Le code APE (Activité Principale Exercée) est attribué automatiquement par l’INSEE lors de l’immatriculation. Vous ne le choisissez pas, mais vous pouvez le faire corriger si l’attribution est incohérente avec votre activité réelle.
Pour une agence de communication généraliste, le code 73.11Z, Activités des agences de publicité s’applique dans la grande majorité des cas. Il couvre la création de campagnes, le conseil en communication, la production de contenu publicitaire, le community management et la stratégie de marque. Si votre activité est centralement axée sur les études de marché ou les sondages, c’est le code 73.20Z qui s’applique.

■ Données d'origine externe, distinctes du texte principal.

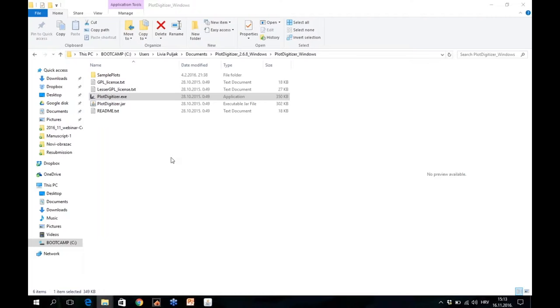You can see here a folder where I downloaded and unpacked this zip file. In this folder, you click on PlotDigitizer Excel.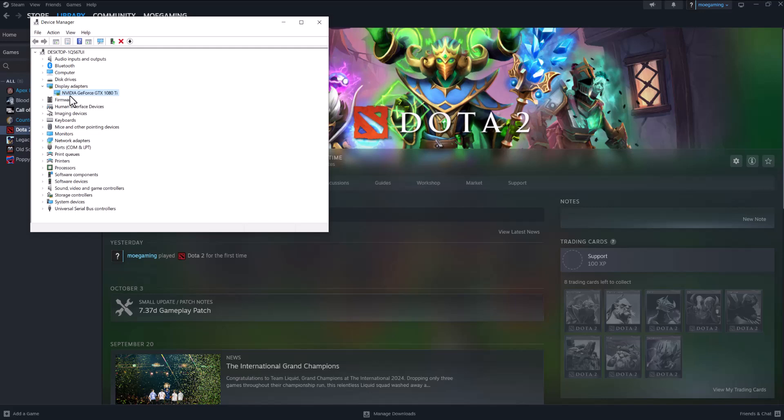Most likely it's best to do it from their website, but you can do it from here as well by right-clicking on it and doing 'Update Driver.' So yeah, that's basically it.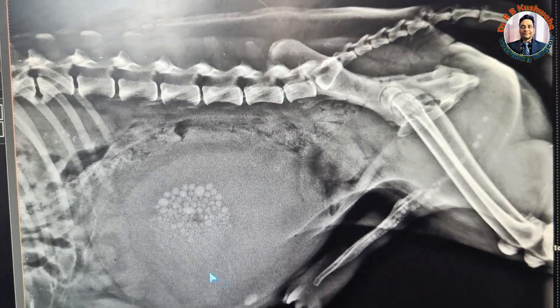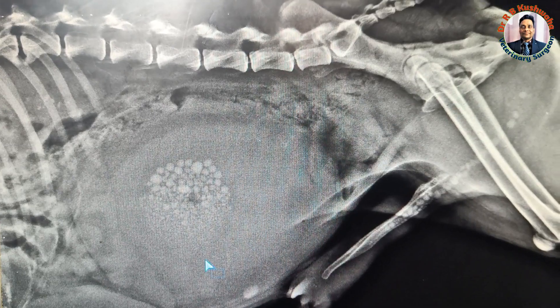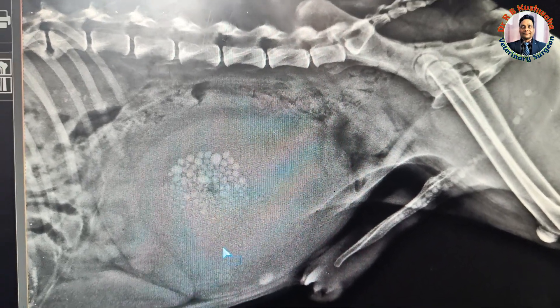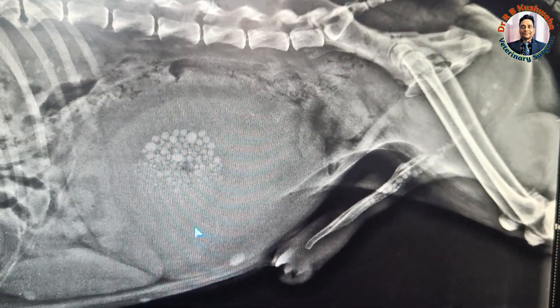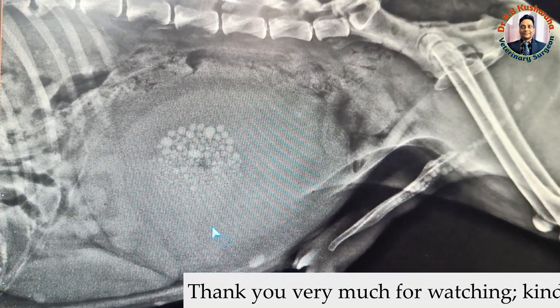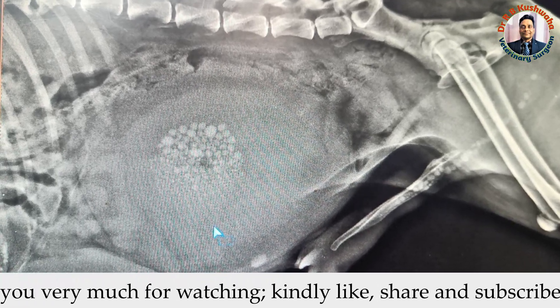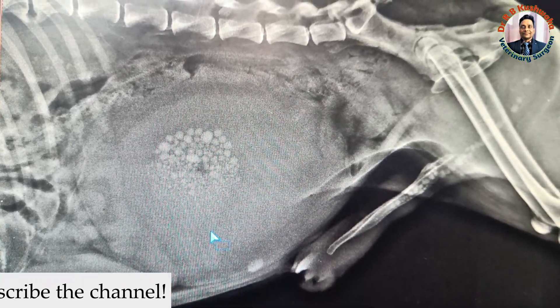So if you see such a radiograph, it is definitely a case of urethrocystic calculi. Thank you very much for watching this video, and if you liked it, please share it with your friends.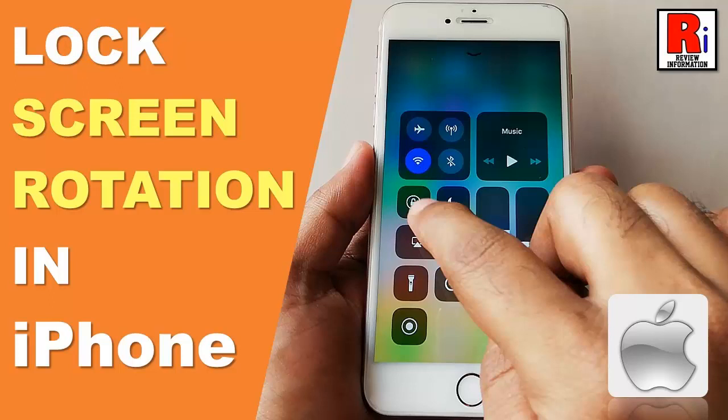Hello viewers and welcome to review information. In this video, I will show you how to lock screen rotation in iPhone.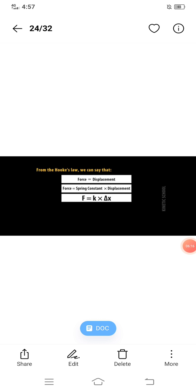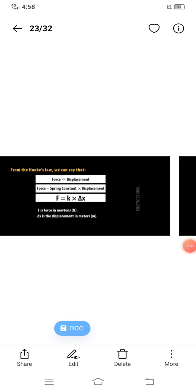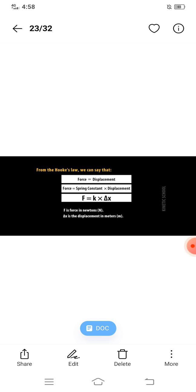Hooke's Law says that force is directly proportional to displacement — greater the force, greater the displacement produced in elastic bodies. To replace the sign of proportionality, we introduce a constant called the spring constant, denoted by k. So F equals k multiplied by Δx, where F is the force in newtons and Δx is the displacement in meters.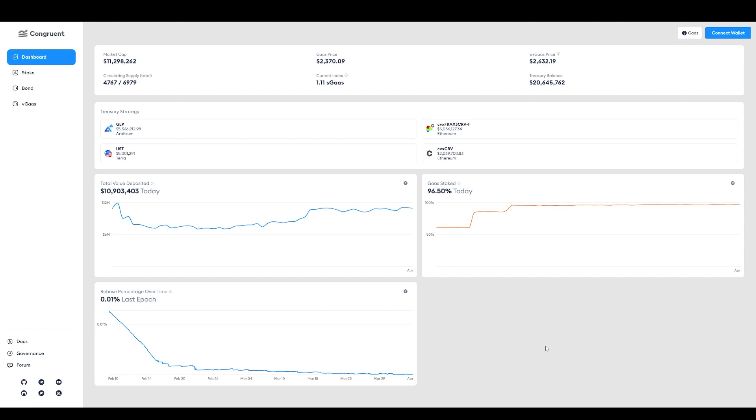That's going to do it for this one. If you found this video of any value, guys, make sure to hit the like and subscribe button down below. I really appreciate it. That's going to do it for this one and I'll catch you guys on the next one.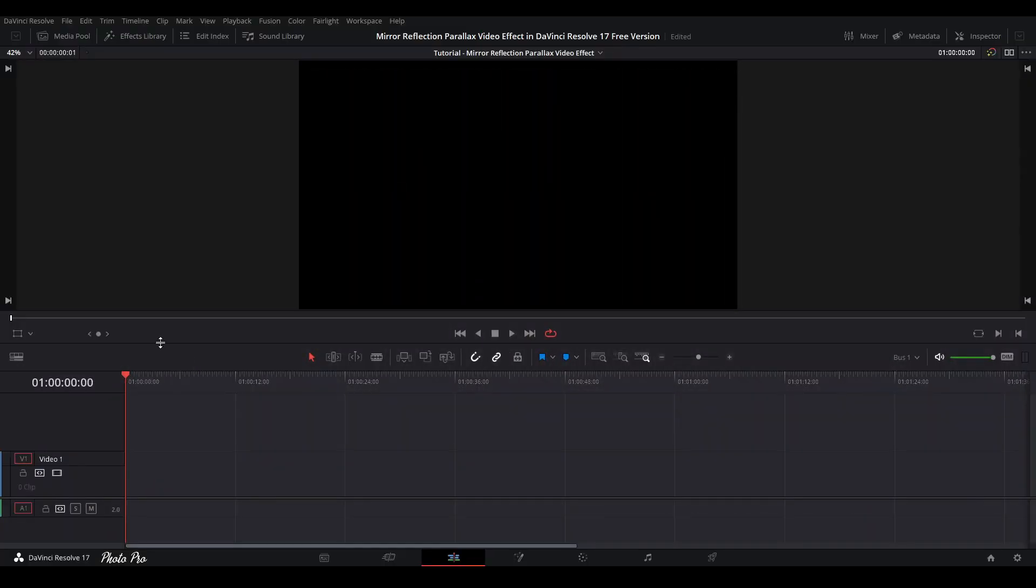Welcome to another tutorial in DaVinci Resolve 17. Today I'm going to show you how to create mirror reflection parallax video effect in DaVinci Resolve 17 free version.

Le code APE n’a pas d’impact direct sur vos obligations fiscales ou sociales, mais il conditionne votre accès à certaines conventions collectives et aides sectorielles. La convention collective applicable aux agences de publicité est la CCN des agences de conseil en publicité (IDCC 2938). Si vous recrutez, vérifiez systématiquement à quelle convention vous rattacher.
Ce code couvre aussi bien les agences solo que les structures avec plusieurs collaborateurs. En clair, que vous soyez consultant en communication indépendant ou fondateur d’une agence de dix personnes, vous êtes dans le même périmètre d’activité.
Micro-entreprise ou société : choisir selon votre stratégie réelle
C’est la question que me posent 9 porteurs de projet sur 10. Et la réponse dépend d’un seul critère, pas de dix : ce que vous voulez faire dans 18 à 24 mois.
Lancer en micro-entreprise pour tester le marché
La micro-entreprise est la structure idéale si vous démarrez seul, sans projet d’associé, avec un chiffre d’affaires prévisible inférieur à 83 600 € par an. C’est la solution la plus rapide à mettre en place (quelques jours via le guichet unique INPI), sans capital social à déposer ni statuts à rédiger.
Concrètement : vous facturez vos clients, vous déclarez votre chiffre d’affaires chaque mois ou trimestre, et vous payez vos cotisations sociales en proportion (environ 21,2 % en BNC pour une activité libérale réglementée, ou 22 % pour les autres prestations de services commerciales). Vous bénéficiez de la franchise en base de TVA jusqu’à 37 500 € de chiffre d’affaires, ce qui simplifie la facturation.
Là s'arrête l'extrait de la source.